**WHAT IS EXPECTED**
The job is to output exactly the lines that run from the start of the entries through the line containing "El cooksnap de", pictures omitted.

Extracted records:
---
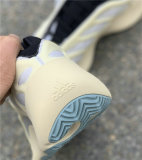 Authentic Y 700 V3 “Azael”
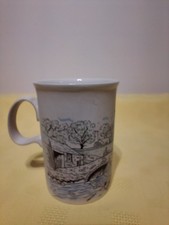 Dunoon Yorkshire Dales Design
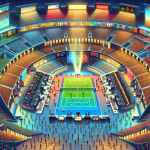 Esports: The New Frontier in the Commonwealth Games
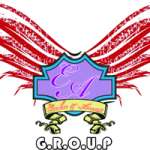 Emkanna Grup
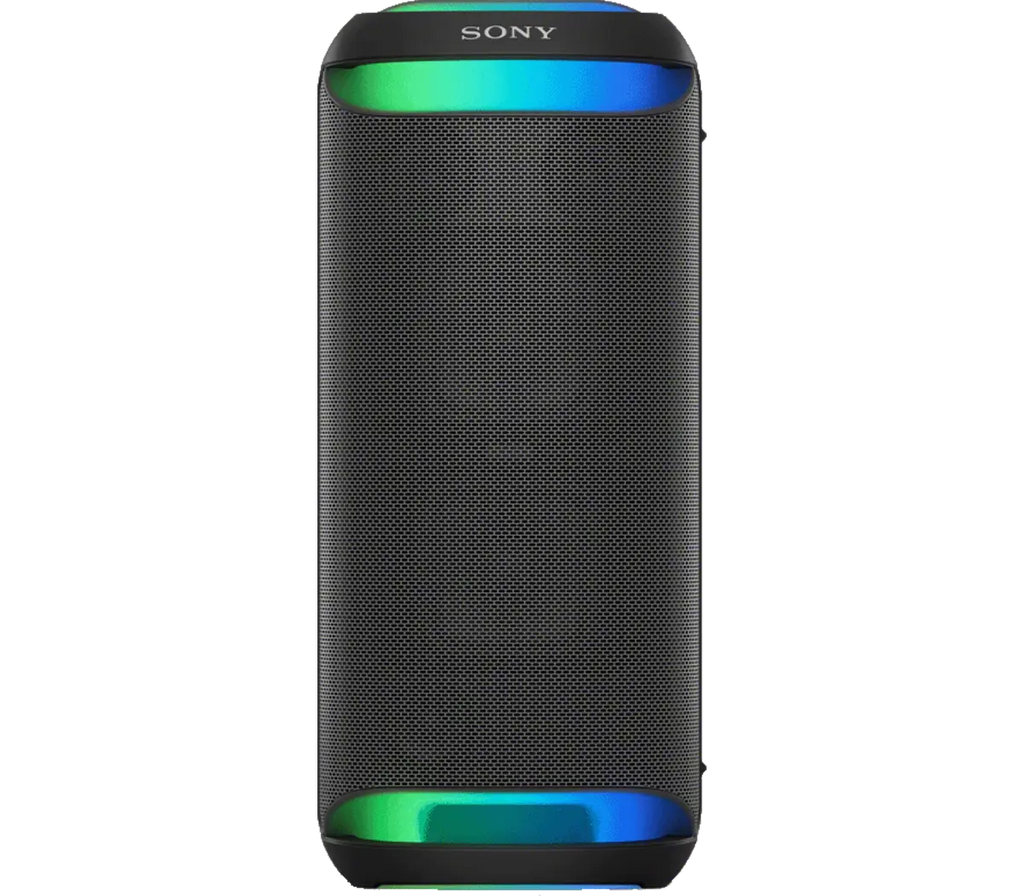 Sony SRS-XV800
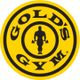 Gold's Gym Fitnessstudio München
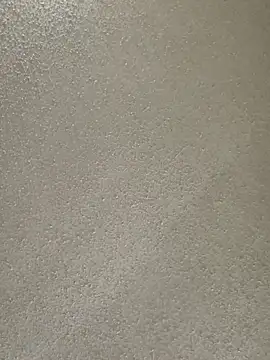 AjAndAj7992 online show from July 25, 10:02 am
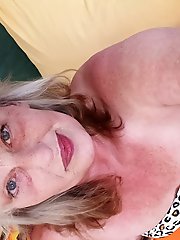 Ive officially reached 62 years of age!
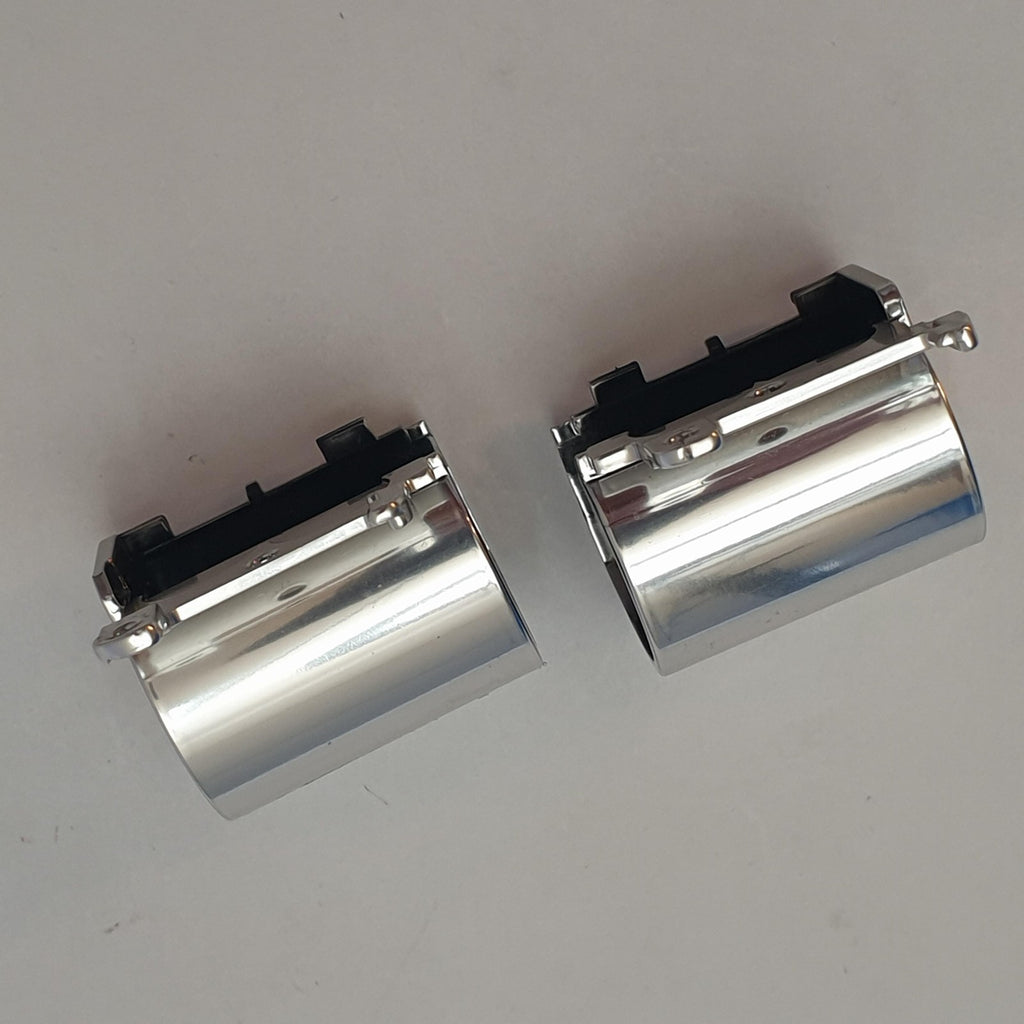 HP 255 G6 Scharnier Abdeckung Hinge Cover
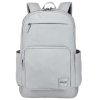 Рюкзак для ноутбука Case Logic 15.6" Query 29L CCAM-4116 (Alkaline) (3204583) изображение 6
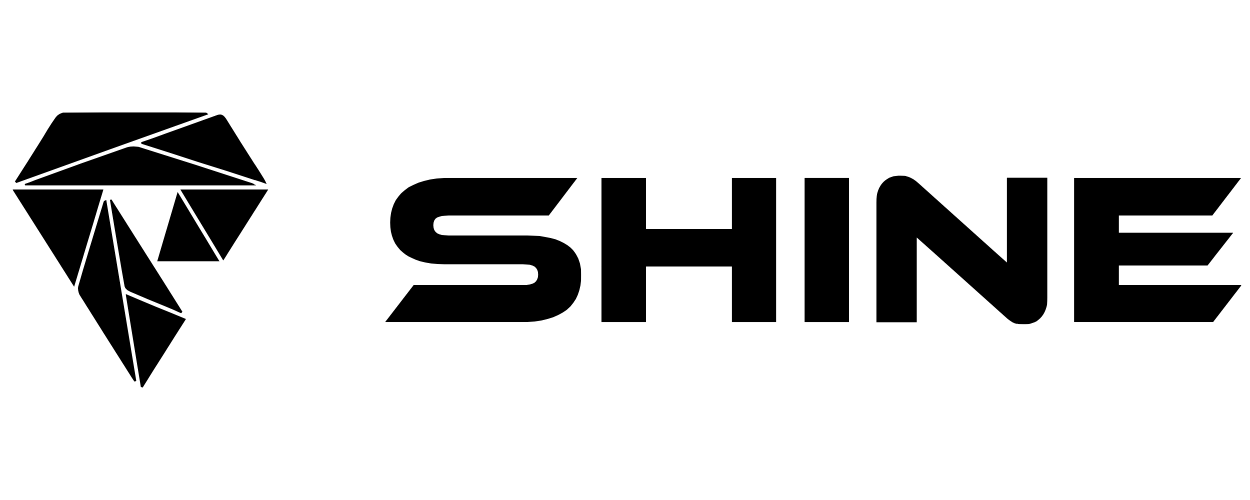 logo-shine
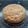 El cooksnap de fionaff cuando hizo Torta de manzana 🍎 y canela.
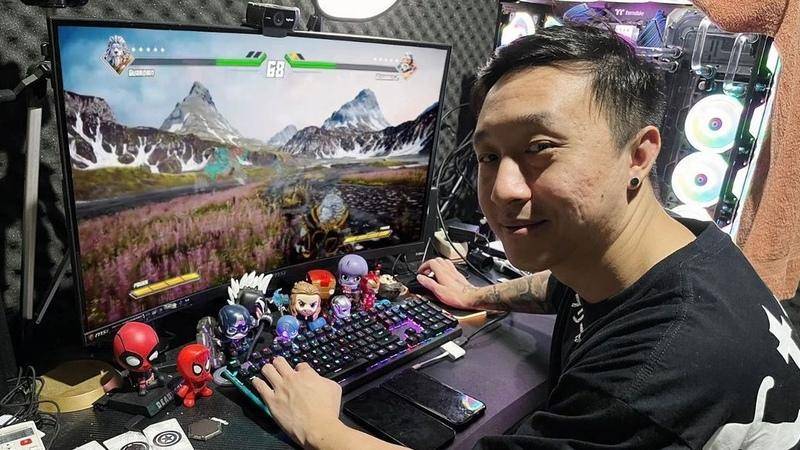 Source: instagram.com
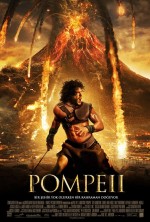 Pompeii hd izle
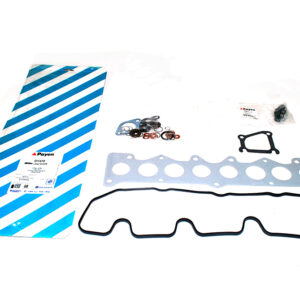 Head Set 300 Tdi - STC2802G - PAYEN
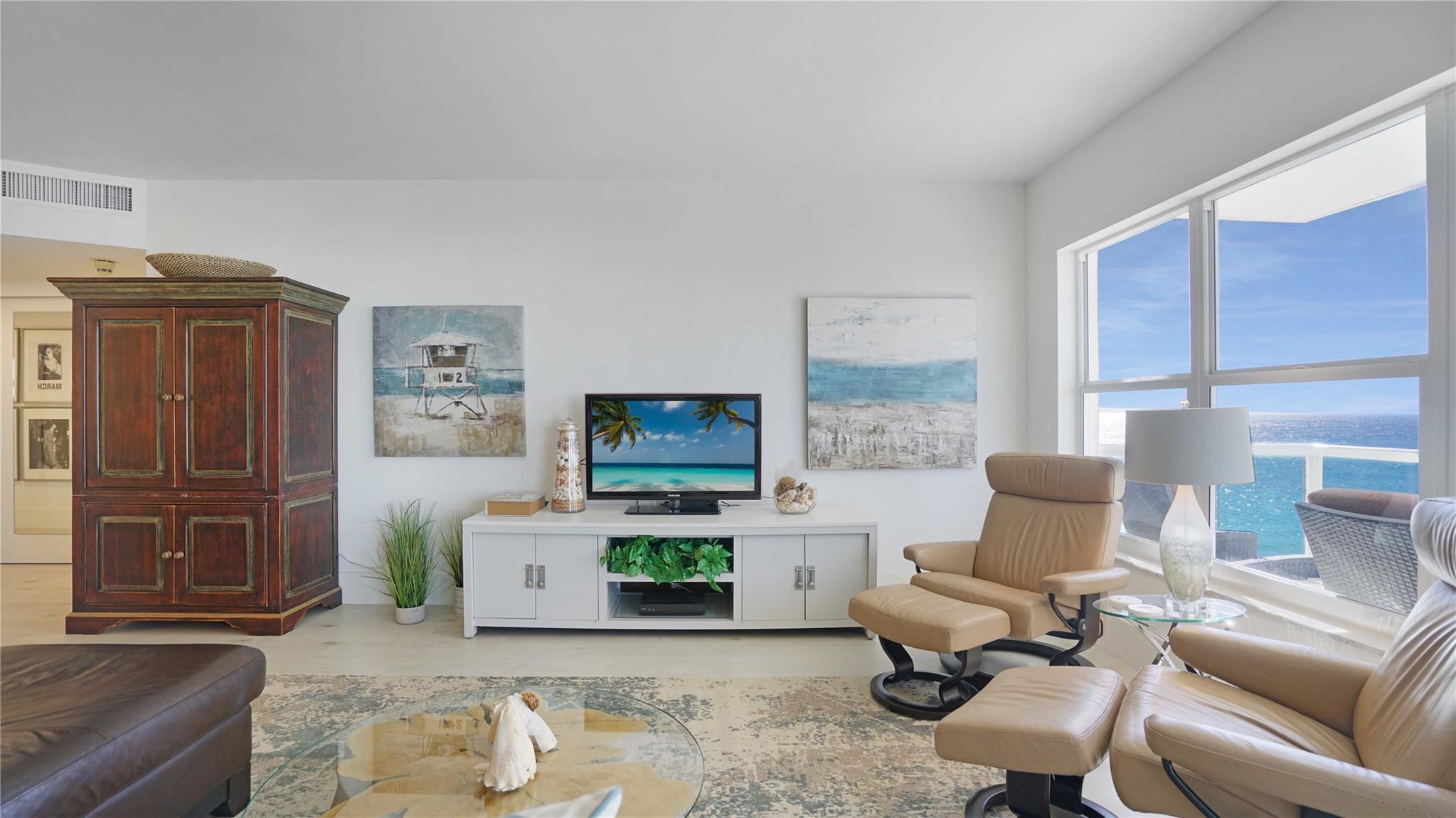 3550 Galt Ocean Dr 804
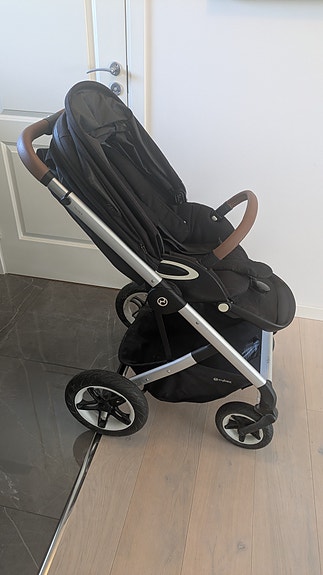 Product image 1 of 4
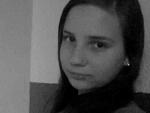 Fotoblog olusia0987654321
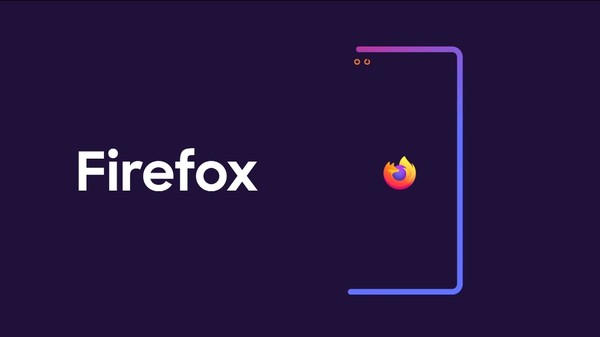 ▲▼Firefox。（圖／取自Firefox）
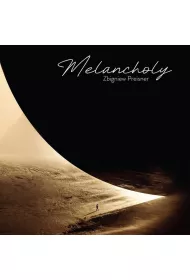 MELANCHOLY (CD)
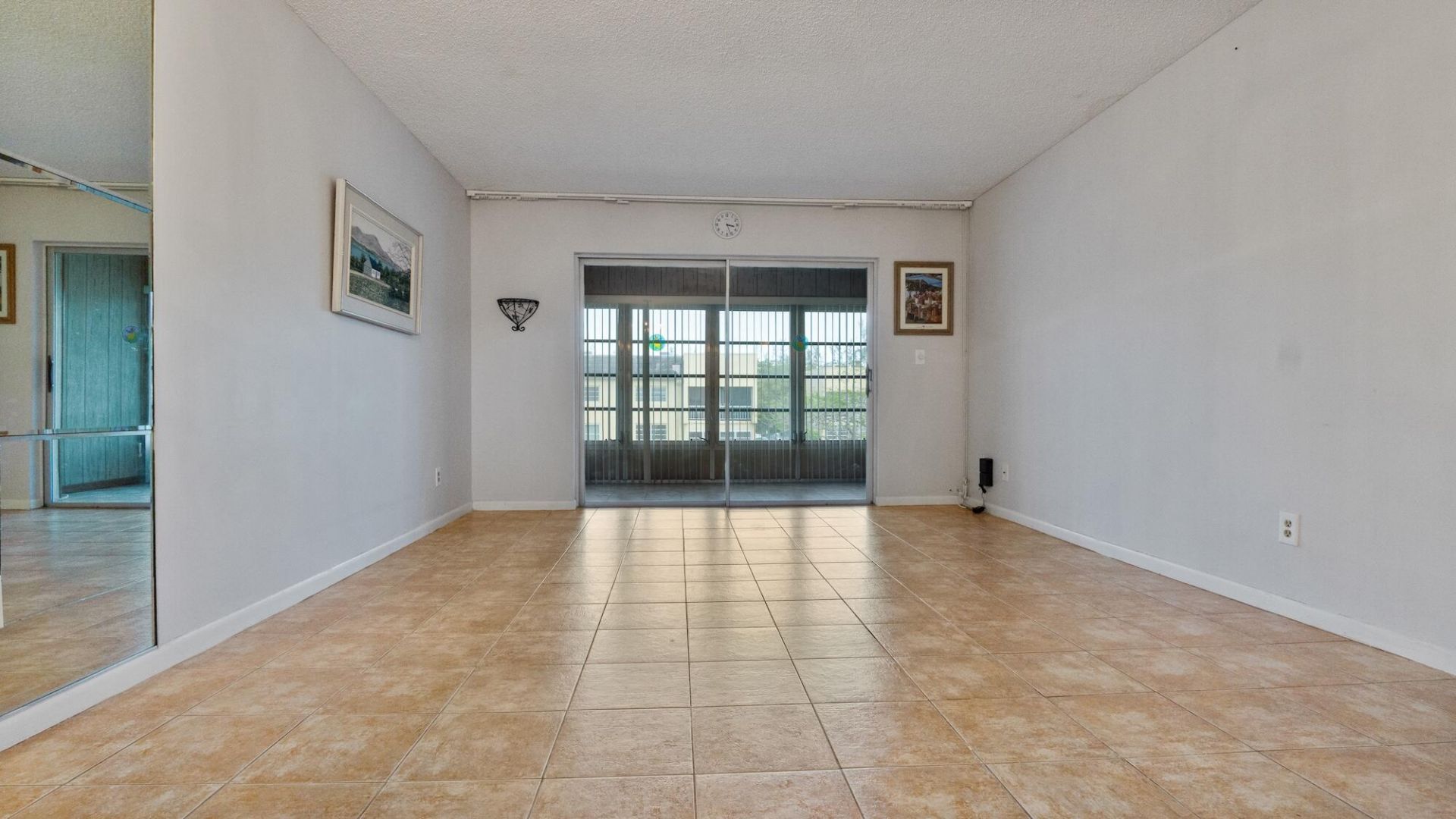 5890 NW 64th Avenue, Unit 308, Tamarac, FL 33319 Photo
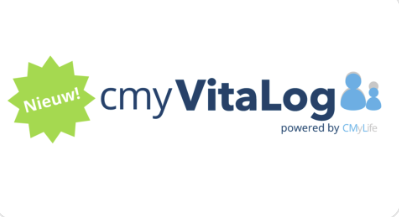 cmyvitalog cmycll cmympn cmylife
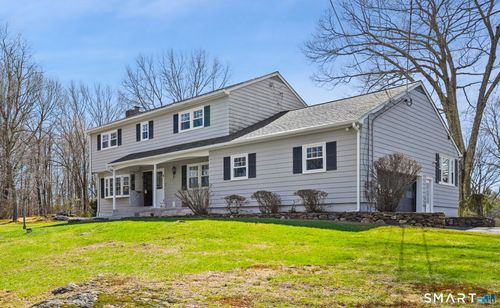 65 Nashville Road Ext, Bethel, CT, 06801-2628 | Card Image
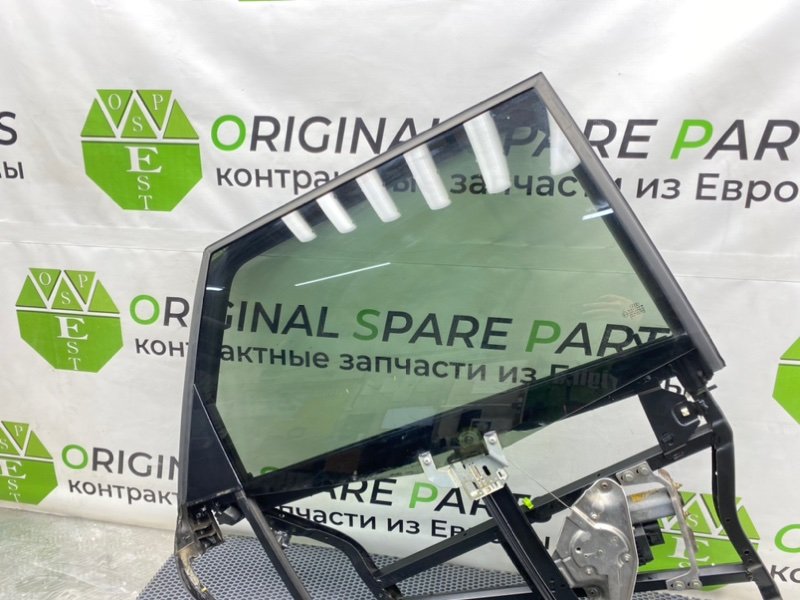 Стеклоподъемник, 900 рублей, Калининград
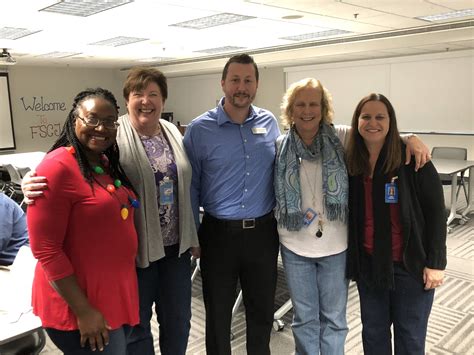 IMG_0317 – FSCJ Administrative and Professional Collaborative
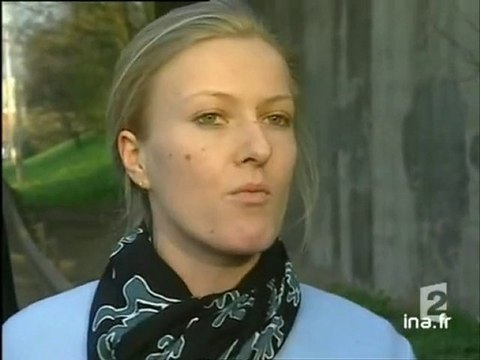 20 heures le journal : [émission du 29 Mars 2002]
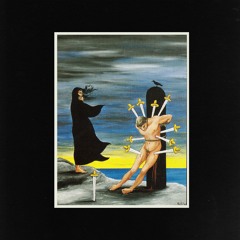 A4 - Ma Bite Et Ton Couteau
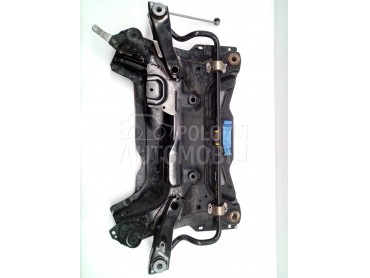 Most za Peugeot 508 od 2010. do 2018. god.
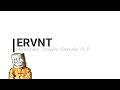 Marshmello - Imagine ( Remake ) FLP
---
**TASK ANSWER**
 Authentic Y 700 V3 “Azael”
 Dunoon Yorkshire Dales Design
 Esports: The New Frontier in the Commonwealth Games
 Emkanna Grup
 Sony SRS-XV800
 Gold's Gym Fitnessstudio München
 AjAndAj7992 online show from July 25, 10:02 am
 Ive officially reached 62 years of age!
 HP 255 G6 Scharnier Abdeckung Hinge Cover
 Рюкзак для ноутбука Case Logic 15.6" Query 29L CCAM-4116 (Alkaline) (3204583) изображение 6
 logo-shine
 El cooksnap de fionaff cuando hizo Torta de manzana 🍎 y canela.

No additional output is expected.